Narrando uma história contada por um amigo, disse o ministro: “Se você defende um superávit (saldo positivo das contas públicas) de 0,2% do PIB, é considerado um neoliberal”, afirmou. “Mas se você defende um déficit de 0,2%, vai ser chamado de comunista. Então, a distância entre um neoliberal e um comunista é de 0,4 ponto.”
Para o ministro, não é possível que o país “tenha chegado a essa conclusão”. “E o que se vê é esse nervosismo, cada dia um susto”, afirmou, referindo aos solavancos recorrentes no mercado, em particular na cotação do dólar e na Bolsa de Valores. “E todo mundo quer o ajuste fiscal, contanto que não mexa com o seu.
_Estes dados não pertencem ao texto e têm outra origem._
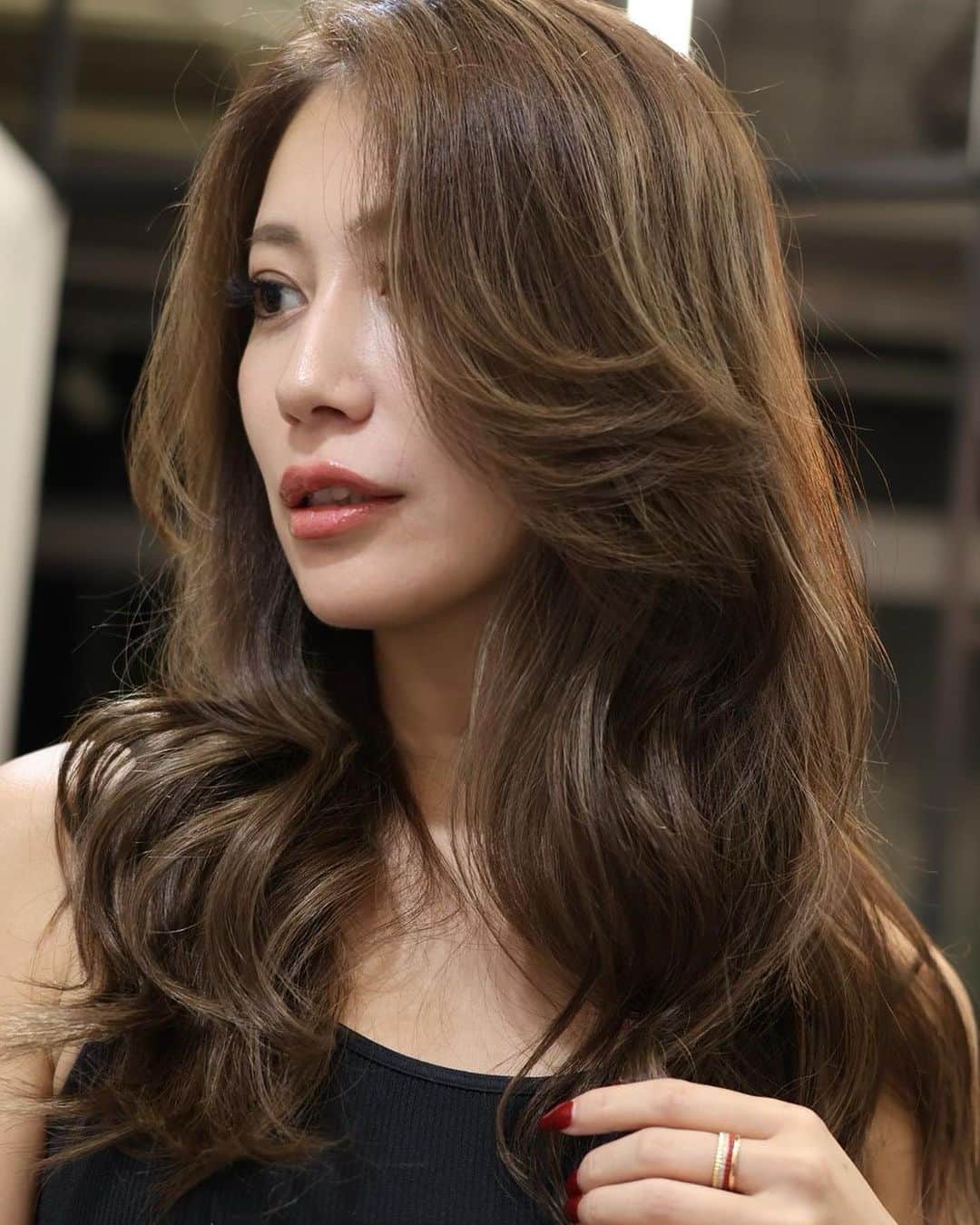 ワイン人生ステンレスタンクバリック樽🍷planeta wine winery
É simples assim no Brasil.”
Haddad disse que, se numa discussão concorda com o ajuste, mas indica que ele resultará no corte de um benefício fiscal, por exemplo, os interlocutores respondem: “Isso não, isso é direito adquirido”. “Você pode ser trilionário, mas o benefício fiscal é direito adquirido, não pode mexer”, disse. “Você pode estar no topo da carreira do serviço público, mas o benefício fiscal é direito adquirido, não pode mexer.”
Gasto de tempo
O ministro observou que gasta hoje ao menos 20% do tempo estudando ações judiciais, que, se perdidas pelo governo, podem desequilibrar as contas públicas. Essa análise, pode ocorrer com a interpretação de uma lei que “alguém colocou uma vírgula, justamente para ensejar uma dúvida, uma possibilidade de reinterpretação”. “E isso é uma indústria, você não consegue se livrar disso”, afirmou.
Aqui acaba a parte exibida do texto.